A recent study in the journal Psychological Science (2013) found that those who hold extremely rigid opinions often support those opinions by the illusion of understanding. These people believe that they understand things better than they actually do. The study examined how much people really understood a particular policy or issue, and the extent to which the rigidity of their opinions contributed to polarization. The authors then predicted that asking subjects in the experiment to explain political issues would make them aware of how poorly they actually understood issues and hence they would subsequently moderate their opinions. We will get to the results of the study in a moment. But first it’s important to say something about extreme opinions and their deleterious effects on the political process. Polarization, or the increased perceived distances between people’s political opinions and the resulting paralysis with respect to problem-solving, is a serious problem.

After Obama was elected president Mitch McConnell in the United States Senate declared that the only agenda for him was to make sure the president did not succeed. If we take this statement seriously it means that this elected official will subject himself to no communication that upsets his belief system. He has made decisions about where he stands and will not subject them to any decision-making processes to the contrary. This is not much different than the religious Muslim or Orthodox Jew who has a comprehensive worldview and will not depart from it.

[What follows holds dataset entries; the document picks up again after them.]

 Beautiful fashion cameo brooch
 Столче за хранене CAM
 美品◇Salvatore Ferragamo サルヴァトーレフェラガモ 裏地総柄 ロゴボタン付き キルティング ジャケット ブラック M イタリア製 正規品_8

Rigid opinions are capable of inciting violence. Such opinions are usually accompanied by intense belief that includes emotions and justifies strong reactions. We can see this operating when politicians or religious people use the “politics as a war” metaphor. It codes into the discourse all of the language of war including the fact that your adversary is your “enemy” and he or she must be “vanquished”. So political leaders have enemies lists and incorporate all of the aggressive and clandestine language associated with such lists. Our culture is filled with individuals, journalists, and talk show hosts characterized by combative personalities who are more rigid than extreme.

Throughout the 1980s conservatives made considerable progress by maligning liberals and turning the word “liberal” into a shibboleth used to attack democrats. Again, I’m less concerned about the content of a political opinion that I am its fixed nature. An opinion becomes extreme and dangerous when it cannot be moderated or there is no sense of perspective and proportion. Politics is not warfare; in fact, it is the antidote to warfare. Politics and communication with those who are unlike you is the alternative to warfare. It is the only consequential and morally legitimate means of solving problems and avoiding violence.

So what did the authors of the study referred to above discover? Interestingly, they found that those people with particularly strong opinions were unjustified in their confidence with respect to how thoroughly they actually understood policies. Very simply, they understood policies and political positions considerably less than they thought. When subjects in the experiment were asked to produce what are termed “mechanistic explanations” they were exposed to their ignorance and thereby moderated their opinions. Mechanistic explanations are explanations about how things actually work such as legal positions and social policies. When subjects in the study were simply asked to list the reasons that they supported something they were less likely to be influenced by their own lack of knowledge and did not moderate their positions. The assumption is that asking someone to list the reasons for supporting or not supporting a political position allows them to tap into values and general principles that do not require much knowledge and are more fundamental emotional attachments.

It turns out that educating people about how policies and positions actually work tends to increase their exposure to other perspectives and improves the quality of debate. This is one more weapon in the “difficult conversation” arsenal (to continue the war metaphor) that can serve as a corrective and ameliorate the polarization process. Rigid opinions will not disappear but improving knowledge promises to be an effective unfreezing of attitudes procedure.